The Holy Bible of Azure Machine Learning Service. A walk-through for the believer (Part 1)

A week ago I wrote a blog post taking a challenge about training a deep learning model in the cloud using a GPU. I showed how to achieve that with Azure Machine Learning Services (AML from now on) using just 3 lines of code + some imports. However, knowing which are those 3 lines of code is not an easy task.

If you are an AML believer, get in line for your miracle cause you are about to discover how this piece of technology works and write your own 3 lines of code. The post is a bit long, but I promise to talk about every single detail.

Note: Image has been altered. The original quote was “BITCON BELIEVERS TALING ON THE TECH WORLD”.

Azure Machine Learning Services (AML) provides a cloud-based environment you can use to develop, train, test, deploy, manage, and track machine learning models. I’m gonna cover three main topics in a sequence of posts:

  • Part 1: Train the trainer in the cloud using AML. I will show you here how to create a run.py script to start training your models in the cloud with a couple of lines of code and without changing a single line of your training routine. ← this post!
  • Part 2: Making your trainer smarter for AML. I will show you here how you can modify your training routine script with some AML specifics lines of code to allow debugging, tracking, monitoring and manage outputs. If you are familiar with MLFlow, then you will find these capabilities a bit similar. [Link]
  • Part 3: Promoting you model to production. I will show you how you can productionize your model using AML make it ready to be consumed by end users using web services. [Link]
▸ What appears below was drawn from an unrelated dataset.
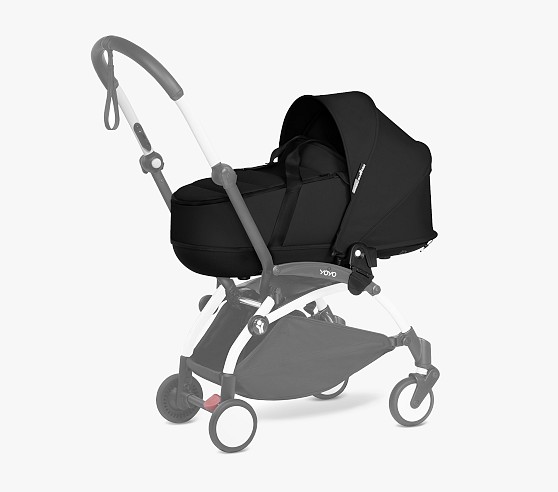 stokke clikk newborn Set, Cloud Grey everyday mini Acme Kastmaster, 3/8 Oz, the Clikk High Chair Helmet model:ZAMP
Before you start: The current version of AML uses a code-first approach with Python, which means that the whole process is managed using this language. It can be executed from a notebook or from the IDE of your choice. Grab the Python IDE of your preference and your Azure subscription ID and keep reading. If you don’t have an Azure Subscription yet, you can grab a free one here with 200 USD of credits.

To install AML libraries you have to:

pip install azureml-sdk[notebooks]

[January 2019] If you face an error about Cannot uninstall ‘PyYAML’, then there is a workaround for this issue as:

pip install azure-cli-core==2.0.54
pip install azureml-sdk[notebooks] --ignore-installed

To warm-up, let’s build some vocabulary about all the pieces inside AML:

A workspace is the cloud resource you will use to create, manage, and publish machine learning experiments when dealing with AML. It also provides a way to share resources and collaborate within teams in your organization. For instance, each Data Science team can use specific workspaces to share all the compute resources allocated to it with the projects they work for. A workspace can be created from the Portal (pretty straight forward), from the CLI or even from Python:

import azureml.core
from azureml.core.workspace import Workspace
ws = Workspace.create(
name = workspace_name,
subscription_id = subscription_id,
resource_group = resource_group,
location = workspace_region,
exist_ok = True)

Probably the most important parameter you have to specify here is location since it will define which compute hardware will be available for your training jobs. Check the link to see which VMs are available on which zone.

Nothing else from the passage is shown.